(Captioned web image data)
★ ★ ★ ★ ★ ★ ★

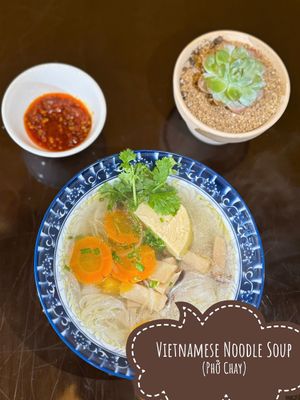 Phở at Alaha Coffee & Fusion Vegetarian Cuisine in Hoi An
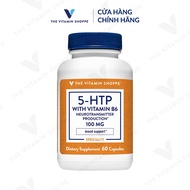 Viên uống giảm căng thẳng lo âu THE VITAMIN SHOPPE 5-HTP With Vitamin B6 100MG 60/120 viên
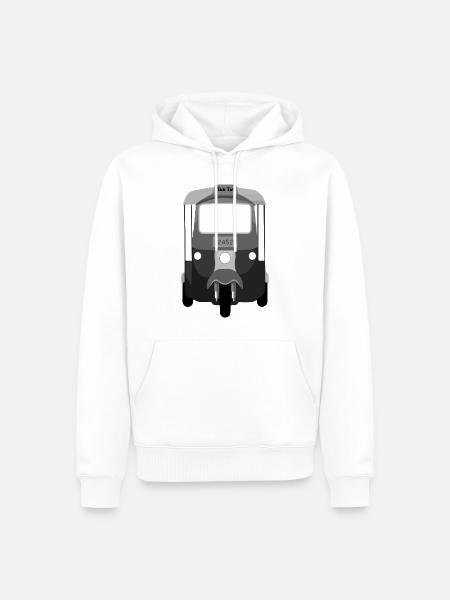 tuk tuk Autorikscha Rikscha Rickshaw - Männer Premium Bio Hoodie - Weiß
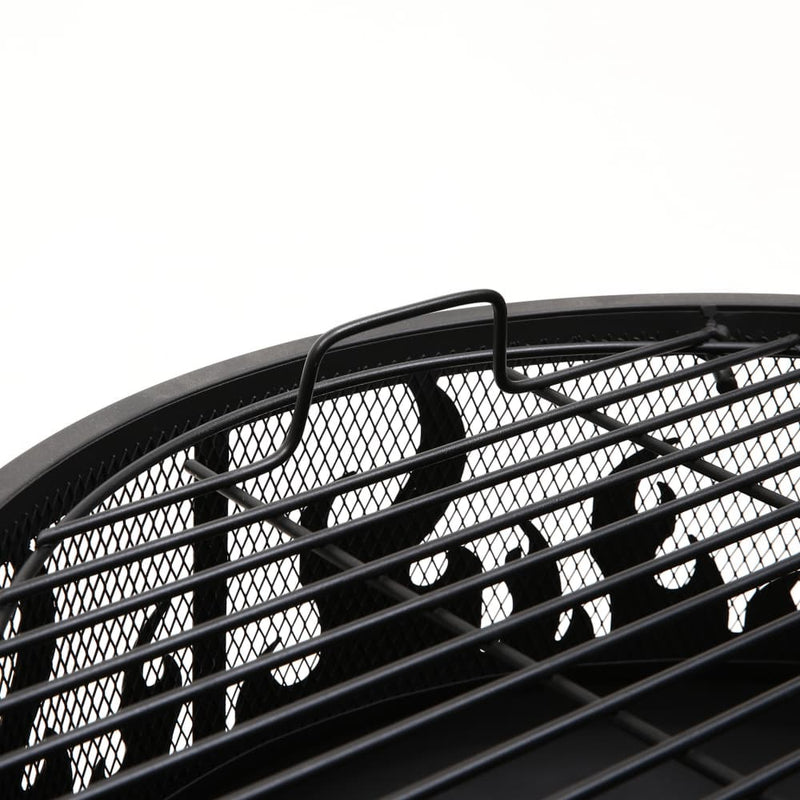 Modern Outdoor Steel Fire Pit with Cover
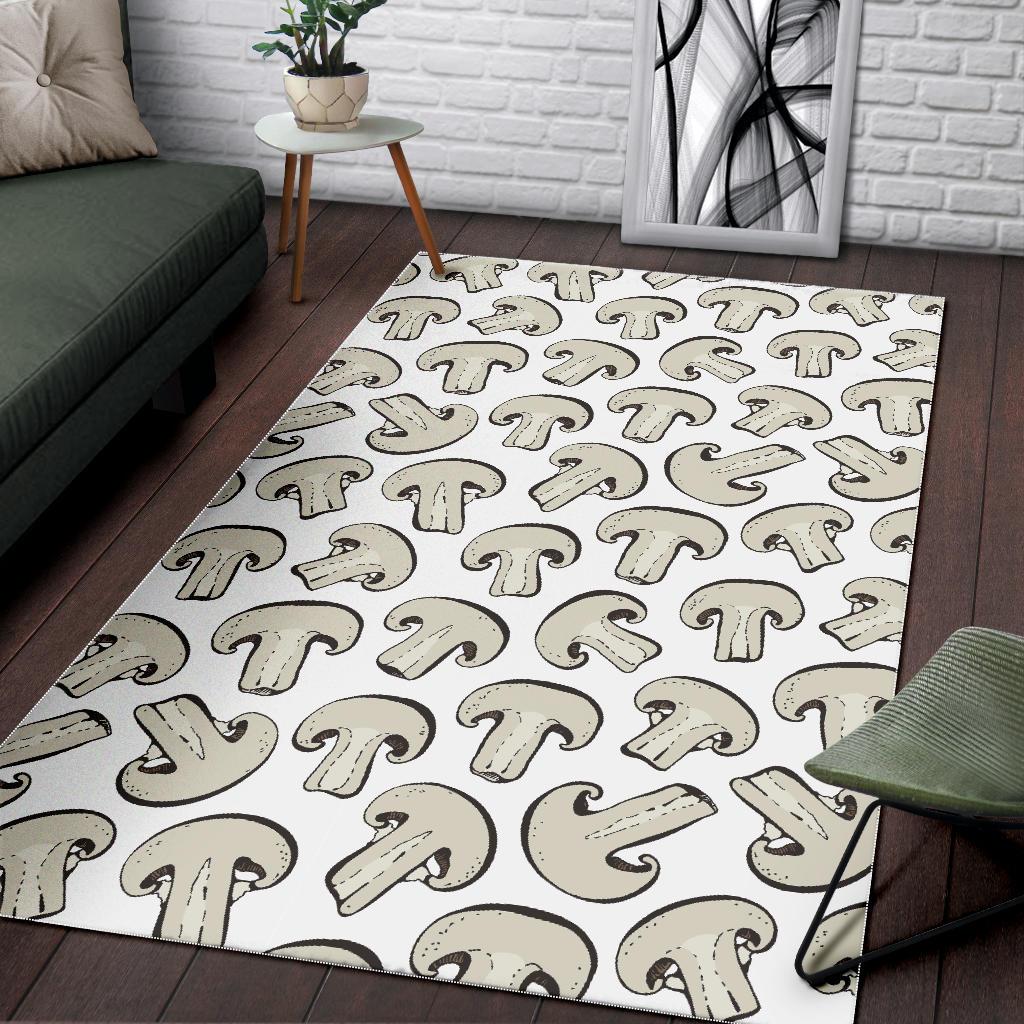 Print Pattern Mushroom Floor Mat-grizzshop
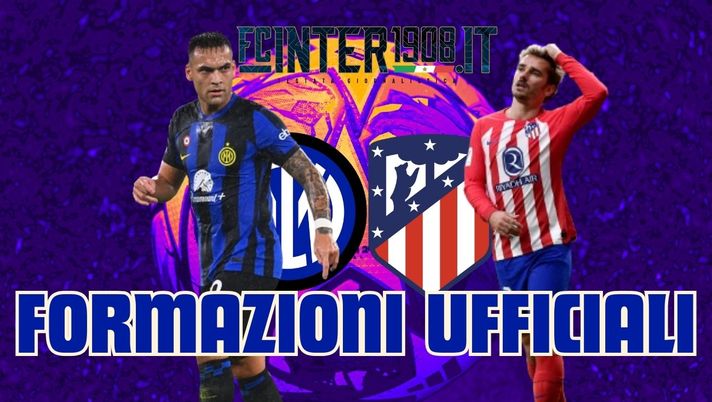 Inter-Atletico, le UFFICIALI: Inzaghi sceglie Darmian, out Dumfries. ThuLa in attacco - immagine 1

★ ★ ★ ★ ★ ★ ★

**Action item**
All entries above must be repeated exactly; pictures are to be left out.

**Answer section**
 Phở at Alaha Coffee & Fusion Vegetarian Cuisine in Hoi An
 Viên uống giảm căng thẳng lo âu THE VITAMIN SHOPPE 5-HTP With Vitamin B6 100MG 60/120 viên
 tuk tuk Autorikscha Rikscha Rickshaw - Männer Premium Bio Hoodie - Weiß
 Modern Outdoor Steel Fire Pit with Cover
 Print Pattern Mushroom Floor Mat-grizzshop
 Inter-Atletico, le UFFICIALI: Inzaghi sceglie Darmian, out Dumfries. ThuLa in attacco - immagine 1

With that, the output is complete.